* DATA SUPPLIED
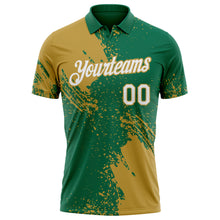 Charger l'image dans la galerie, Custom Kelly Green White-Old Gold Distressed Scratch Brush Stroke Performance Polo Shirt
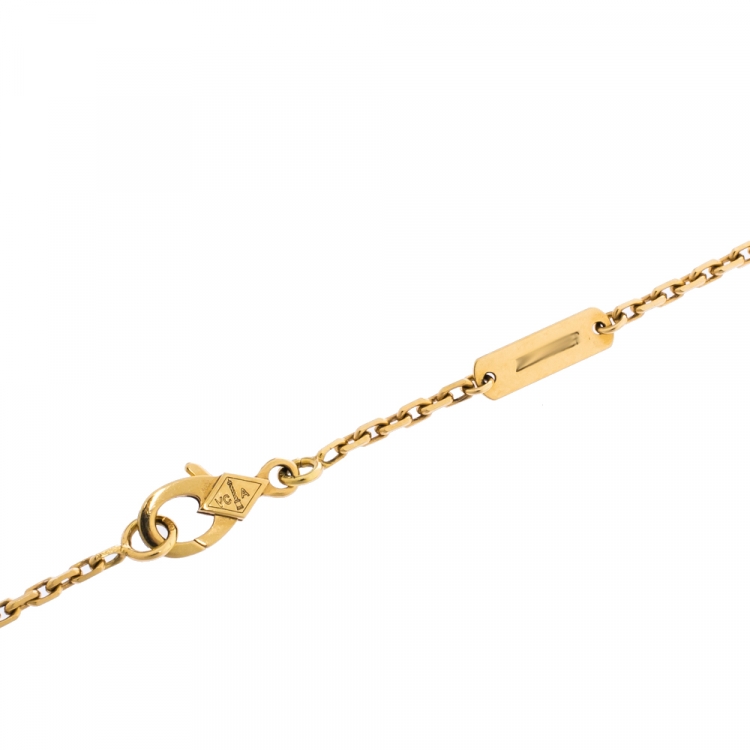 Pre Owned Van Cleef & Arpels Magic Alhambra Malachite 18K Yellow Gold Pendant Necklace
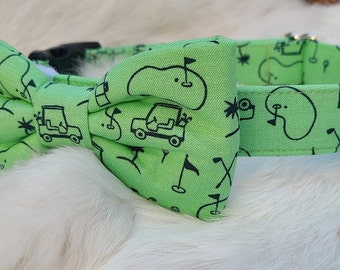 Golf Dog Collar ~ Caddie Dog Collar ~ Green Golf Dog Collar ~ Sports Collar ~ Gift for Golf lover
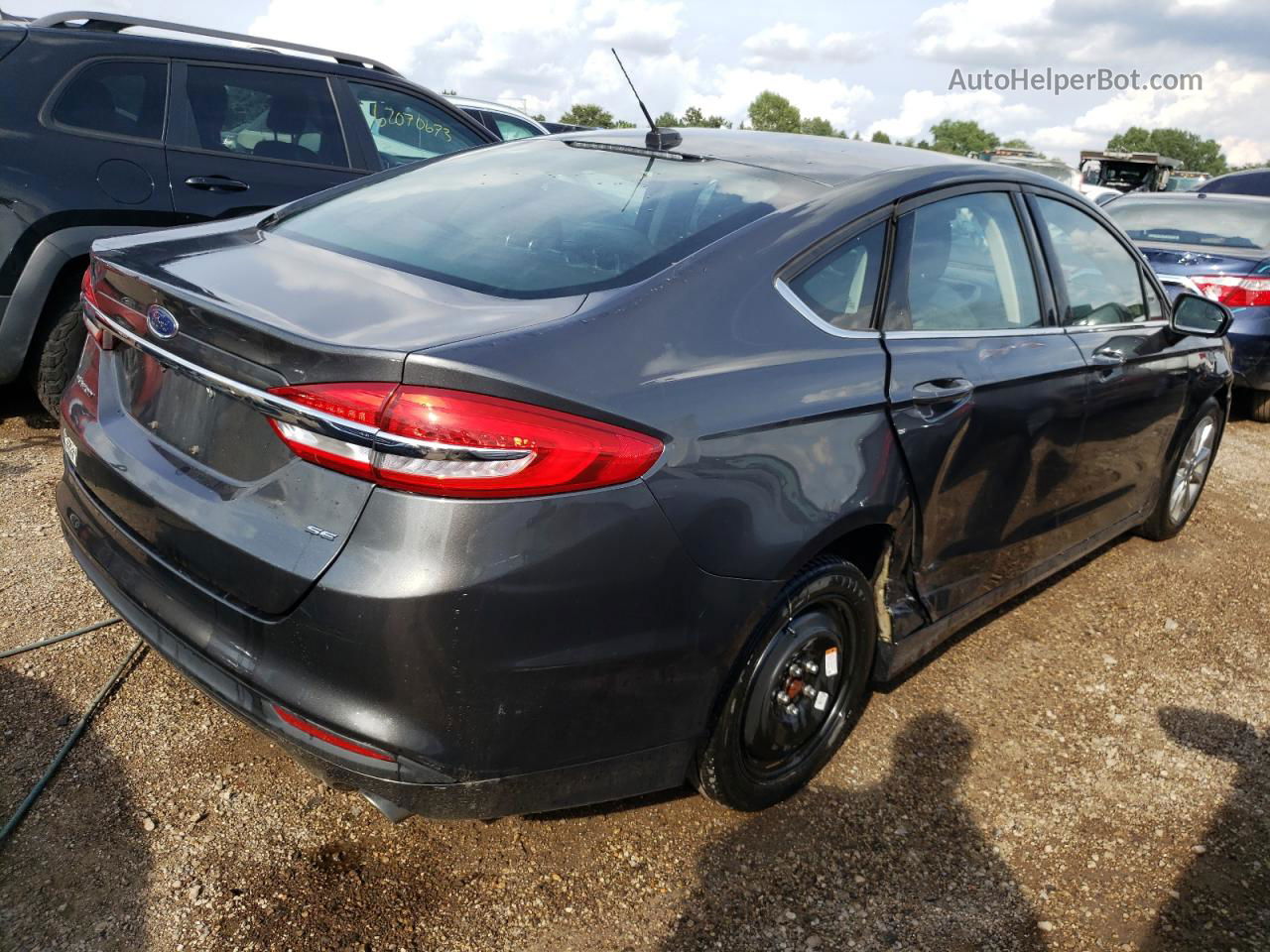 2017 Ford Fusion Se Gray vin: 3FA6P0H74HR199160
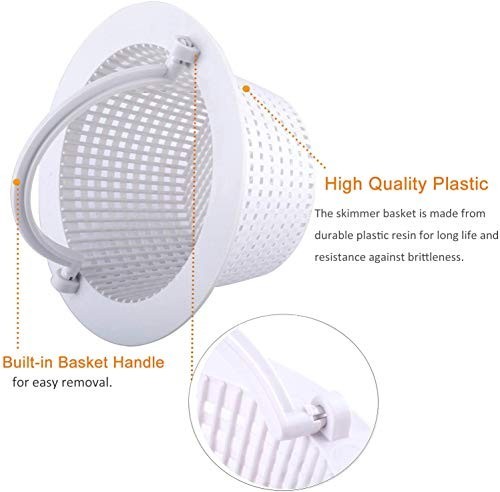 Above-Ground Pool Thru-Wall Skimmer Basket with Handle - 2 Pack, Compatible with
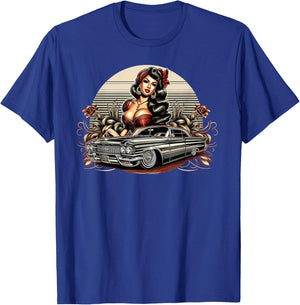Mexican Street Culture Lowrider Beautiful Latina Chola Model T-Shirt - T-Shirt | Royal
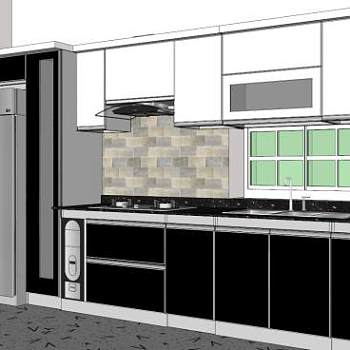 一字型厨房室内装修SU模型下载_sketchup草图大师SKP模型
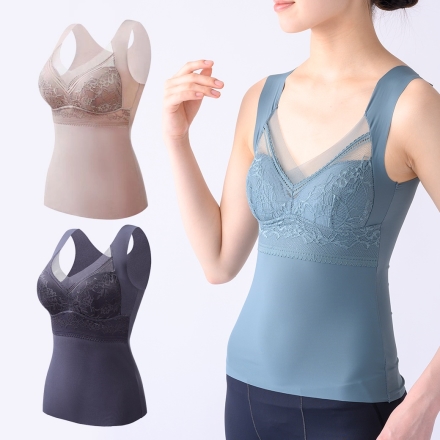 ノンワイヤーでらくらくタンクブラ 3色組 カップ付きキャミソール Mサイズ
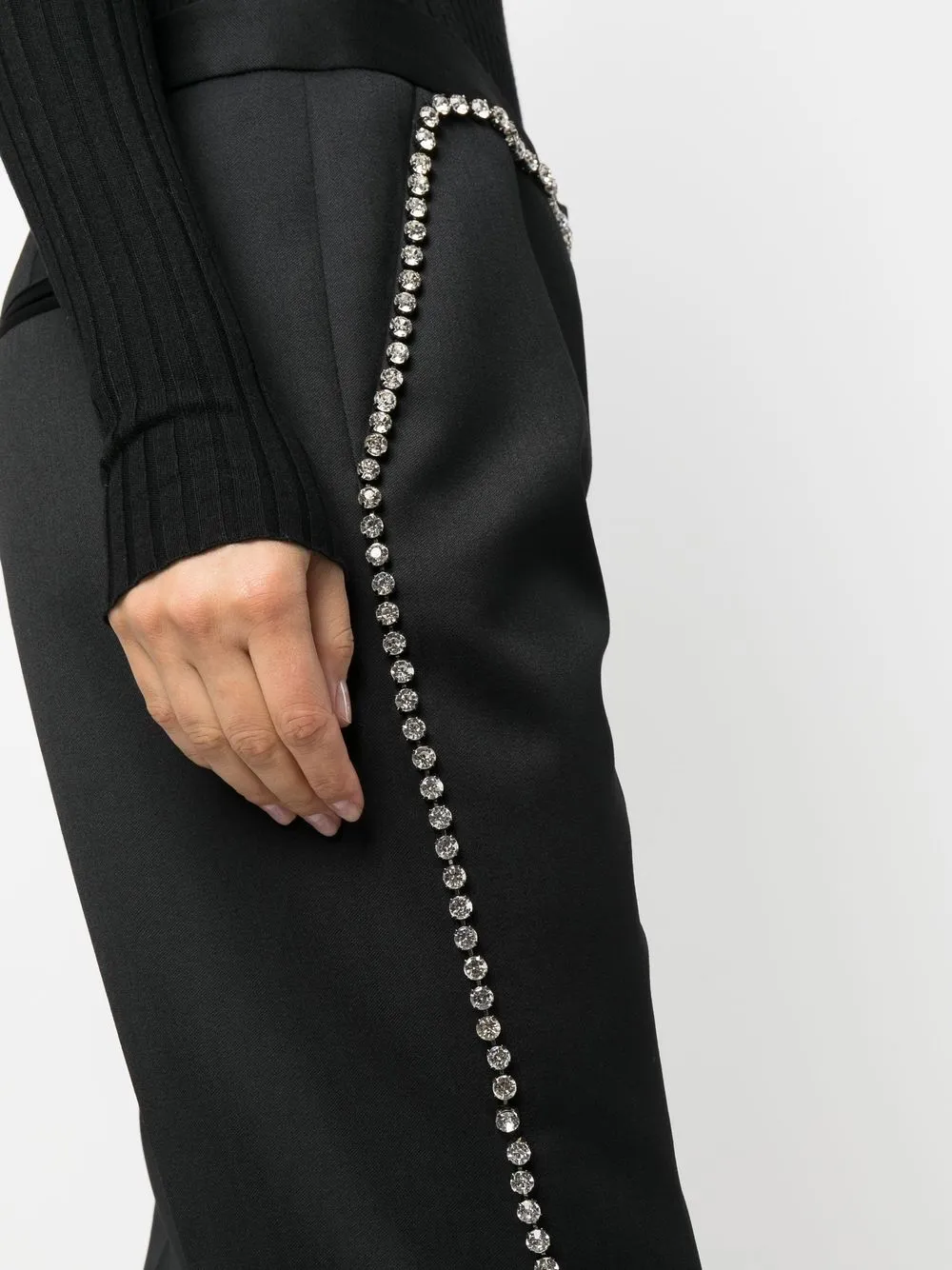Dodo Bar Or Sophia Pointelle-knit Flared Pants In Black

* TASK DETAILS
Retype all the data exactly; skip the pictures.

* TASK RESULT
 Charger l'image dans la galerie, Custom Kelly Green White-Old Gold Distressed Scratch Brush Stroke Performance Polo Shirt
 Pre Owned Van Cleef & Arpels Magic Alhambra Malachite 18K Yellow Gold Pendant Necklace
 Golf Dog Collar ~ Caddie Dog Collar ~ Green Golf Dog Collar ~ Sports Collar ~ Gift for Golf lover
 2017 Ford Fusion Se Gray vin: 3FA6P0H74HR199160
 Above-Ground Pool Thru-Wall Skimmer Basket with Handle - 2 Pack, Compatible with
Mexican Street Culture Lowrider Beautiful Latina Chola Model T-Shirt - T-Shirt | Royal
 一字型厨房室内装修SU模型下载_sketchup草图大师SKP模型
 ノンワイヤーでらくらくタンクブラ 3色組 カップ付きキャミソール Mサイズ
Dodo Bar Or Sophia Pointelle-knit Flared Pants In Black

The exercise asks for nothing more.